(Short web captions)

_ _ _ _ _

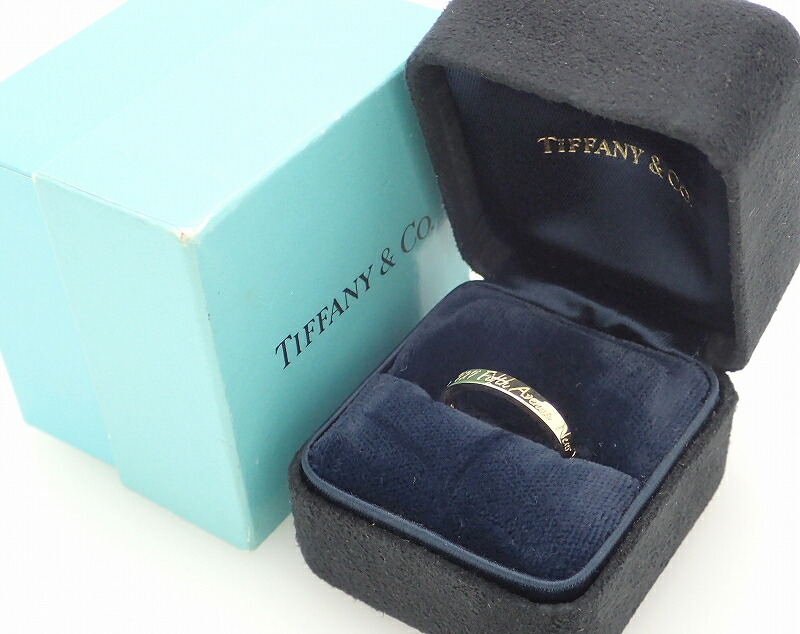 楽天市場】【ジュエリー】【新品仕上げ済】TIFFANY&Co. ティファニー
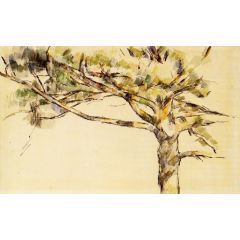 Large PIne, study Painting Reproduction
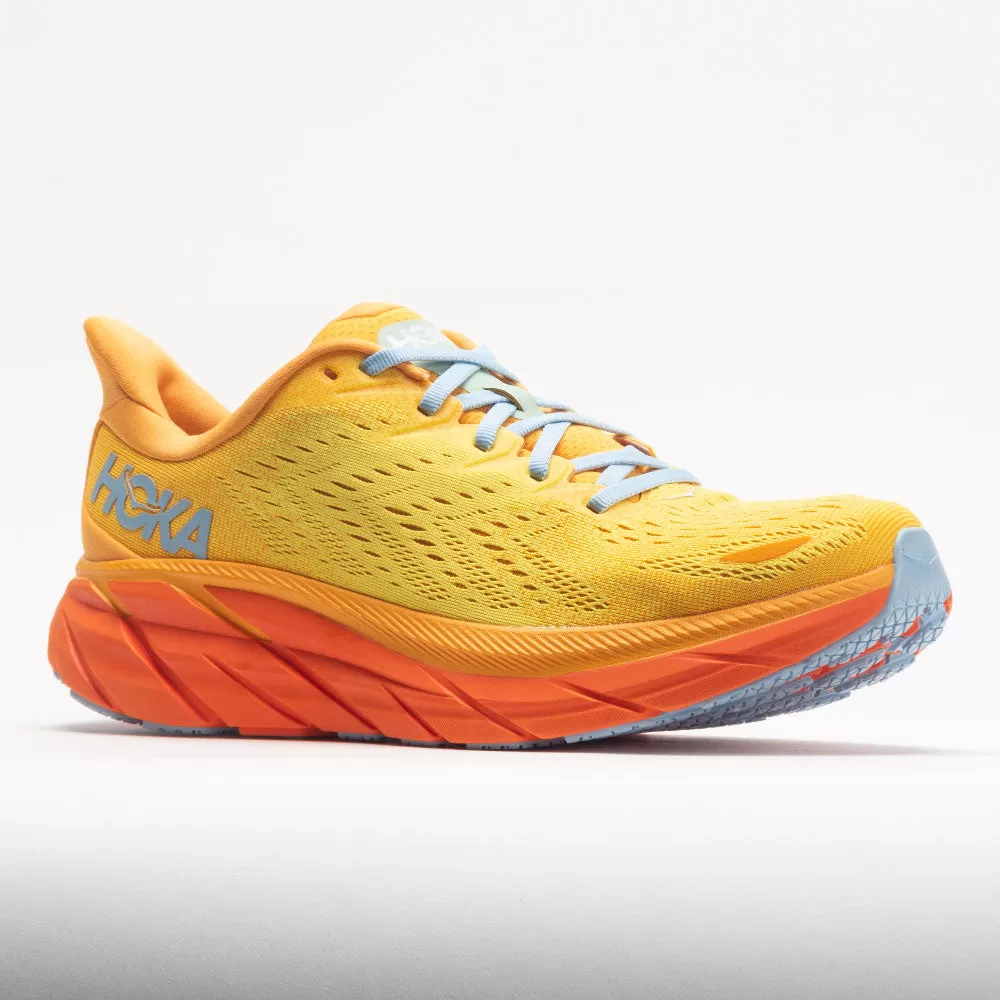 Hoka One One Clifton 8 Men's Radiant Yellow/Maize - HOKA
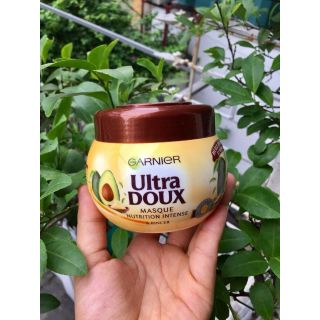 Kem ủ tóc Garnier ultra doux 300ml của pháp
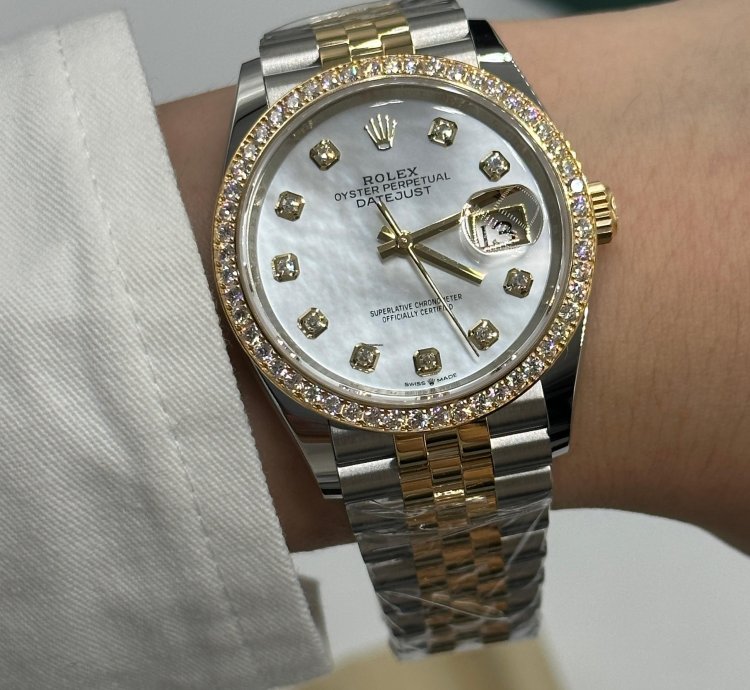 Rolex Datejust 36 126283ng White Jub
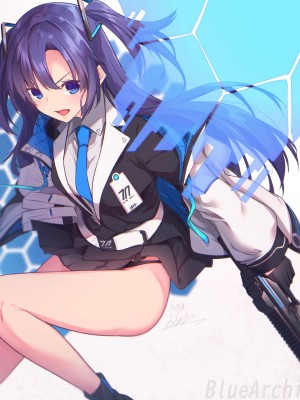 [へたれん] ブルアカユウカちゃんミニ漫画 (ブルーアーカイブ) [狼師哩哩帕漢化]_8_87691679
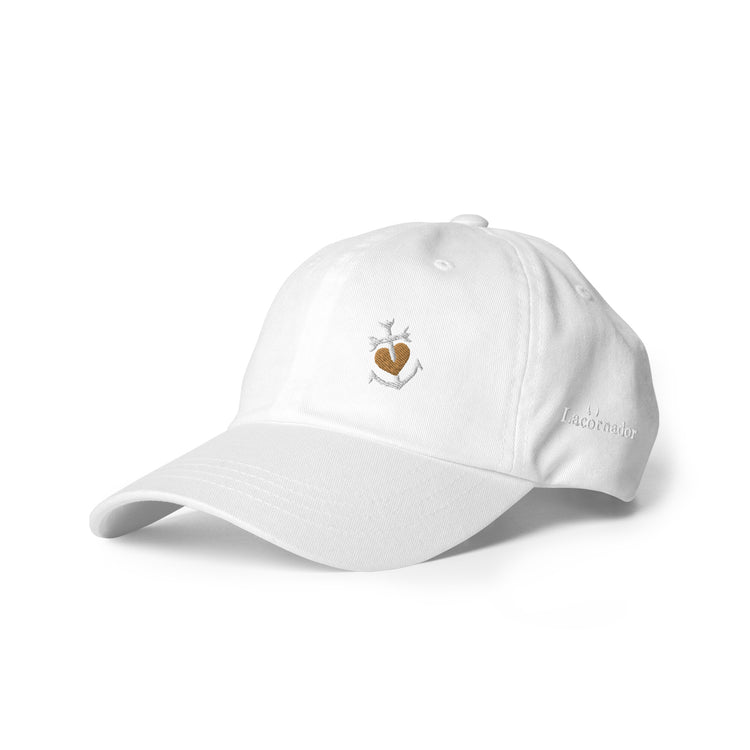 Casquette brodée Lacornador® Croix Camarguaise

_ _ _ _ _

THE TASK: Please write out all the data again word for word, but not the pictures.

SOLUTION TO THE PROBLEM:
 楽天市場】【ジュエリー】【新品仕上げ済】TIFFANY&Co. ティファニー
 Large PIne, study Painting Reproduction
 Hoka One One Clifton 8 Men's Radiant Yellow/Maize - HOKA
 Kem ủ tóc Garnier ultra doux 300ml của pháp
 Rolex Datejust 36 126283ng White Jub
 [へたれん] ブルアカユウカちゃんミニ漫画 (ブルーアーカイブ) [狼師哩哩帕漢化]_8_87691679
 Casquette brodée Lacornador® Croix Camarguaise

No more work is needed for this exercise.